Stan Lee's creative process, as explained to kids on CBC

Four decades ago, Stan Lee tried to explain his method of coming up with popular superheroes.

Marvel Comics legend said coming up with successful new superheroes was a tough task

Stan Lee takes questions from young people on CBC's For Kids Only. 3:01
The kids watching at home were probably more used to seeing Stan Lee's characters on TV, as opposed to the man himself.

But the kids they were watching on screen were undaunted by meeting the Marvel Comics legend four decades ago. And they had a lot of good questions for him.

"How do you think of the characters like Spider-Man?" a boy asked Lee, when he appeared on CBC's For Kids Only, back in 1978.

The answer might have surprised fans of the prolific comic-book writer and editor.

"With great difficulty," Lee replied. "But, I really don't know how."

Taking stock of the Marvel universe

He went on to explain that it normally involved looking at who was already a resident of the Marvel Comics universe.

Stan Lee is seen posing with actors Eric Kramer (shown in costume as Thor) and Lou Ferrigno (shown in costume as The Incredible Hulk) in 1988. (The Associated Press)
"If we need a new character, I'll sit down and I'll say: 'Well, we need a new character," Lee explained.

"Now, let's see: we already have a guy who crawls on walls and spins webs, we already have a guy who's the god of thunder and a fellow who's got green skin and he breaks buildings up and so forth. What haven't we got?"

The next step was to think of who that next character to join the Marvel universe might be.

"Then you sort of sit and eliminate. You say: 'Well, we don't have a fellow, perhaps, who can counteract the power of gravity.
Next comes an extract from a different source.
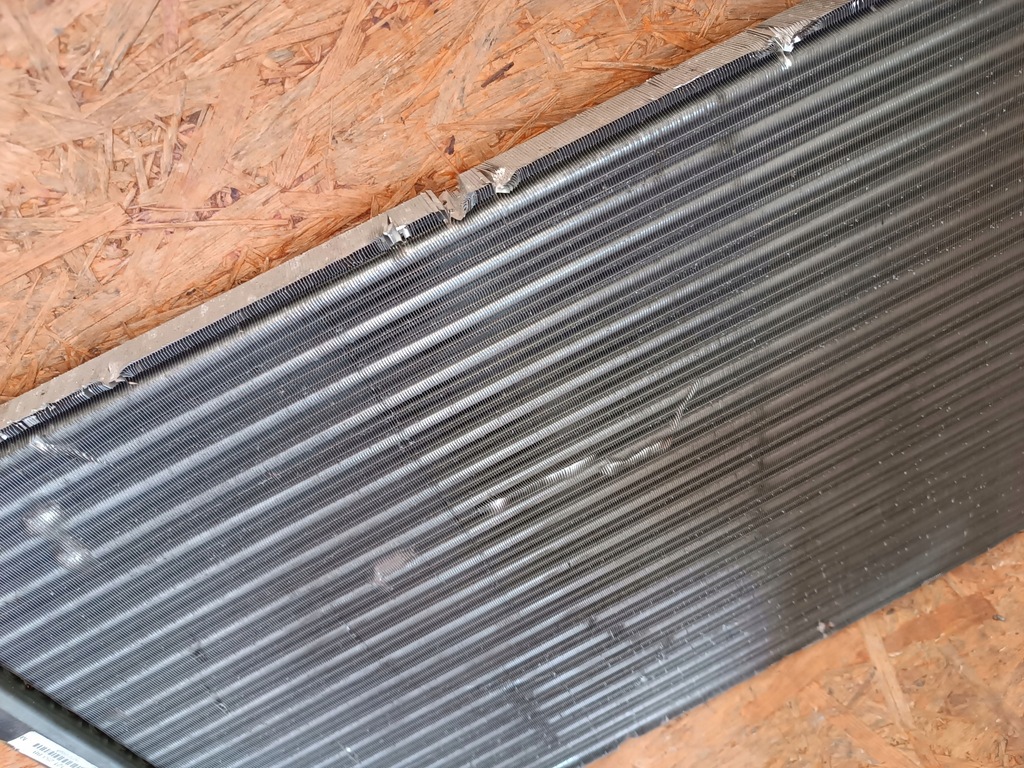 фото №7, Радіатор wody audi volkswagen seat skoda 1.4tsi 1k0121253bb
Maybe a person who can walk on air and we'll call him 'Anti-Gravity Man,'" said Lee, giving an example of how he would select such a character.

"Or maybe a fellow who can walk through walls, you know, and we'll call him the Wall Walker."

'Getting the idea is easy'

The work didn't end there, though.

"Getting the idea is easy," Lee said, noting the tough part was figuring out "what can I do to this character to make the readers care about him?"

Another child asked Lee how he kept his stories interesting as they went along. The Marvel man said it came down to ensuring there were enough twists and turns for readers to enjoy.

Above all, the characters needed to make readers want to root for them, Lee explained.

"It doesn't matter if the character is ugly, or is handsome, or is weak, or is strong," he said, noting what was most important was for there to be "something about the character that makes you like the character and care about the character."

Lee, who recently died at the age of 95, made several appearances on CBC-TV in the 1970s.

He was interviewed on 90 Minutes Live on two occasions and he also appeared as the mystery guest on Beyond Reason.